What happens when you ask an AI to spell the name of the company that built it? For Google's Gemini, the answer is: sometimes correctly, sometimes not. TechCrunch examined this specifically and the explanation isn't a bug - it's a design consequence.
How AI Actually Reads Text
Large language models don't read text the way humans do. They break words into chunks called "tokens" - often whole words, sometimes partial words ("Google" might be a single token, or it might split into "Goo" + "gle"). The model learns patterns between these chunks, but it doesn't process individual letters in sequence.
This means asking an AI to count letters, spell a word character by character, or identify rhymes is asking it to do something it was never built for. It has to infer the answer from statistical patterns in its training data rather than actually reading the characters. Sometimes those patterns give the right answer. Often they don't.
Ask Gemini how many letters are in "strawberry" and it might get it right or it might not - models frequently miss repeated letters like the double "r". Ask it to spell "necessary" character by character and transposed letters are common. These aren't signs the model is deteriorating. They're evidence that character-level reasoning was never what these systems were optimized for.
This Isn't a Google Problem Alone
Every major language model - ChatGPT, Claude, and the rest - has the same structural limitation. The tokenization approach that makes LLMs powerful for reasoning, summarization, and code generation makes them unreliable at tasks a primary school student handles easily. Google just happens to be a particularly pointed example because its own name falls into the category of words that trip up its AI.

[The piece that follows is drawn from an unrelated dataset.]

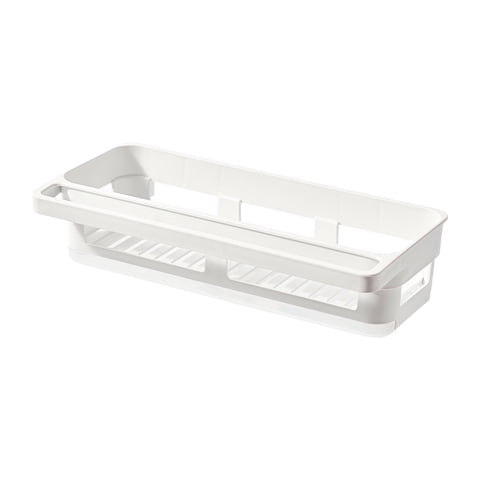 Magideal - Bandeja De Jabón Para Encimera, Estante De Almacenamiento Montado En La Pared, Organizador, Estante De Pared, Escurridor De Trapo, Soporte Para Jabón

For people using AI in their daily work: if you're relying on an AI assistant to proofread character-level details - specific spellings, letter counts for character-limited copy, or precise word constructions - verify those yourself. AI writing tools are genuinely strong at sentence structure, tone, and argument flow. They're far weaker on anything requiring left-to-right character awareness.
The irony of Google's AI struggling to spell "Google" is funny. It's also a precise illustration of why understanding what these tools actually can and can't do matters more than any benchmark score.